:: Problem ::
The data below must be returned in full and exactly.
BEGIN
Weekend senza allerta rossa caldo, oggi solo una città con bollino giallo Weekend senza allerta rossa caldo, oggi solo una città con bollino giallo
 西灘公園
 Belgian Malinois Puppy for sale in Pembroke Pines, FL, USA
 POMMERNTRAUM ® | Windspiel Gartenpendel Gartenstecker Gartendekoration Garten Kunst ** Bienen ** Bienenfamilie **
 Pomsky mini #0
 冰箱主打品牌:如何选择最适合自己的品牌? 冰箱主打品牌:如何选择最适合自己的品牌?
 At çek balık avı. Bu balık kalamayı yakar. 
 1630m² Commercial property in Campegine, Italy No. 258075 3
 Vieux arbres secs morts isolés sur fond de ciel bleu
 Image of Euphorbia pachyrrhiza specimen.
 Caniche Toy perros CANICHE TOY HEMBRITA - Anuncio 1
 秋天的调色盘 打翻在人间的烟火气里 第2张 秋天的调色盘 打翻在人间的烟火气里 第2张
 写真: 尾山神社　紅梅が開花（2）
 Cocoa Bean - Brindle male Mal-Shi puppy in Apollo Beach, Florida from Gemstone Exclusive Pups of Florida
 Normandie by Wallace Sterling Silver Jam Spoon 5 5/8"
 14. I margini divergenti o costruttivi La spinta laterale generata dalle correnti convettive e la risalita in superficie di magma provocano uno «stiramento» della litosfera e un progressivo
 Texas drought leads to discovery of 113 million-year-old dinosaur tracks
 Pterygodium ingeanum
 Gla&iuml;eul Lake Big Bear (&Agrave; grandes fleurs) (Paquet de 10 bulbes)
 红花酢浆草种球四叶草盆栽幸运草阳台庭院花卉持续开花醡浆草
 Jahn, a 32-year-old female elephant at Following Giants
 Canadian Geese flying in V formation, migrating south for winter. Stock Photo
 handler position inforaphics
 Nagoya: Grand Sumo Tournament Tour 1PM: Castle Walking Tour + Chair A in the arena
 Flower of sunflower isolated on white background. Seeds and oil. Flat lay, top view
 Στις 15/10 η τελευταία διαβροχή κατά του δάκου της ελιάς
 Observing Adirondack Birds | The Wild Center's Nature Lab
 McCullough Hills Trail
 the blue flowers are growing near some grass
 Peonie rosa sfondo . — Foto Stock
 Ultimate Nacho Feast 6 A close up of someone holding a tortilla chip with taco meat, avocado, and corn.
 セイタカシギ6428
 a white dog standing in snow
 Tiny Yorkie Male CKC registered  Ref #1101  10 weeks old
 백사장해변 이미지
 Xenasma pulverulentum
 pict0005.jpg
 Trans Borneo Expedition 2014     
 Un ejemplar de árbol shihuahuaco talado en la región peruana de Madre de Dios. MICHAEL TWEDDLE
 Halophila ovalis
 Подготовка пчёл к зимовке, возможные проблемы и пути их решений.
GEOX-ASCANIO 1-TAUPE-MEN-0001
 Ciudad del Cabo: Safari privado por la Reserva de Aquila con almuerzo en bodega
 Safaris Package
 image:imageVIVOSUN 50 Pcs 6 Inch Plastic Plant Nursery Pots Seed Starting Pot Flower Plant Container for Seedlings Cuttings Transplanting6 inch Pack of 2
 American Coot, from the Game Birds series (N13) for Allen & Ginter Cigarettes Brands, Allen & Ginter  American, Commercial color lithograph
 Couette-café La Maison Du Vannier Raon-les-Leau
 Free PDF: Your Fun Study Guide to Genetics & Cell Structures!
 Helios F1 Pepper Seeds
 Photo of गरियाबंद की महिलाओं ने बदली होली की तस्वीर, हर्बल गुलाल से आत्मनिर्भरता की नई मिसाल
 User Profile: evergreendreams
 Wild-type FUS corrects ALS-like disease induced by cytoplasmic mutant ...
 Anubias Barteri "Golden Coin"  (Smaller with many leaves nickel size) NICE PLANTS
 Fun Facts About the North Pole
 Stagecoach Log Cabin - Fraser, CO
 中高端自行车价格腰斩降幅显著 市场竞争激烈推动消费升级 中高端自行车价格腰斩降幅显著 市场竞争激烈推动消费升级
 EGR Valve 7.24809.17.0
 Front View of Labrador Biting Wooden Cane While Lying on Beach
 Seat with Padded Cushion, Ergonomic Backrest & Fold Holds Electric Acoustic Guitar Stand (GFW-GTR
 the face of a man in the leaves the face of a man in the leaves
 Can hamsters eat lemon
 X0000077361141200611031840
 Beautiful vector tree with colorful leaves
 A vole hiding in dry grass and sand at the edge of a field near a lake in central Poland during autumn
END
:: Response to this exercise ::
Weekend senza allerta rossa caldo, oggi solo una città con bollino giallo Weekend senza allerta rossa caldo, oggi solo una città con bollino giallo
 西灘公園
 Belgian Malinois Puppy for sale in Pembroke Pines, FL, USA
 POMMERNTRAUM ® | Windspiel Gartenpendel Gartenstecker Gartendekoration Garten Kunst ** Bienen ** Bienenfamilie **
 Pomsky mini #0
 冰箱主打品牌:如何选择最适合自己的品牌? 冰箱主打品牌:如何选择最适合自己的品牌?
 At çek balık avı. Bu balık kalamayı yakar. 
 1630m² Commercial property in Campegine, Italy No. 258075 3
 Vieux arbres secs morts isolés sur fond de ciel bleu
 Image of Euphorbia pachyrrhiza specimen.
 Caniche Toy perros CANICHE TOY HEMBRITA - Anuncio 1
 秋天的调色盘 打翻在人间的烟火气里 第2张 秋天的调色盘 打翻在人间的烟火气里 第2张
 写真: 尾山神社　紅梅が開花（2）
 Cocoa Bean - Brindle male Mal-Shi puppy in Apollo Beach, Florida from Gemstone Exclusive Pups of Florida
 Normandie by Wallace Sterling Silver Jam Spoon 5 5/8"
 14. I margini divergenti o costruttivi La spinta laterale generata dalle correnti convettive e la risalita in superficie di magma provocano uno «stiramento» della litosfera e un progressivo
 Texas drought leads to discovery of 113 million-year-old dinosaur tracks
 Pterygodium ingeanum
 Gla&iuml;eul Lake Big Bear (&Agrave; grandes fleurs) (Paquet de 10 bulbes)
 红花酢浆草种球四叶草盆栽幸运草阳台庭院花卉持续开花醡浆草
 Jahn, a 32-year-old female elephant at Following Giants
 Canadian Geese flying in V formation, migrating south for winter. Stock Photo
 handler position inforaphics
 Nagoya: Grand Sumo Tournament Tour 1PM: Castle Walking Tour + Chair A in the arena
 Flower of sunflower isolated on white background. Seeds and oil. Flat lay, top view
 Στις 15/10 η τελευταία διαβροχή κατά του δάκου της ελιάς
 Observing Adirondack Birds | The Wild Center's Nature Lab
 McCullough Hills Trail
 the blue flowers are growing near some grass
 Peonie rosa sfondo . — Foto Stock
 Ultimate Nacho Feast 6 A close up of someone holding a tortilla chip with taco meat, avocado, and corn.
 セイタカシギ6428
 a white dog standing in snow
 Tiny Yorkie Male CKC registered  Ref #1101  10 weeks old
 백사장해변 이미지
 Xenasma pulverulentum
 pict0005.jpg
 Trans Borneo Expedition 2014     
 Un ejemplar de árbol shihuahuaco talado en la región peruana de Madre de Dios. MICHAEL TWEDDLE
 Halophila ovalis
 Подготовка пчёл к зимовке, возможные проблемы и пути их решений.
GEOX-ASCANIO 1-TAUPE-MEN-0001
 Ciudad del Cabo: Safari privado por la Reserva de Aquila con almuerzo en bodega
 Safaris Package
 image:imageVIVOSUN 50 Pcs 6 Inch Plastic Plant Nursery Pots Seed Starting Pot Flower Plant Container for Seedlings Cuttings Transplanting6 inch Pack of 2
 American Coot, from the Game Birds series (N13) for Allen & Ginter Cigarettes Brands, Allen & Ginter  American, Commercial color lithograph
 Couette-café La Maison Du Vannier Raon-les-Leau
 Free PDF: Your Fun Study Guide to Genetics & Cell Structures!
 Helios F1 Pepper Seeds
 Photo of गरियाबंद की महिलाओं ने बदली होली की तस्वीर, हर्बल गुलाल से आत्मनिर्भरता की नई मिसाल
 User Profile: evergreendreams
 Wild-type FUS corrects ALS-like disease induced by cytoplasmic mutant ...
 Anubias Barteri "Golden Coin"  (Smaller with many leaves nickel size) NICE PLANTS
 Fun Facts About the North Pole
 Stagecoach Log Cabin - Fraser, CO
 中高端自行车价格腰斩降幅显著 市场竞争激烈推动消费升级 中高端自行车价格腰斩降幅显著 市场竞争激烈推动消费升级
 EGR Valve 7.24809.17.0
 Front View of Labrador Biting Wooden Cane While Lying on Beach
 Seat with Padded Cushion, Ergonomic Backrest & Fold Holds Electric Acoustic Guitar Stand (GFW-GTR
 the face of a man in the leaves the face of a man in the leaves
 Can hamsters eat lemon
 X0000077361141200611031840
 Beautiful vector tree with colorful leaves
 A vole hiding in dry grass and sand at the edge of a field near a lake in central Poland during autumn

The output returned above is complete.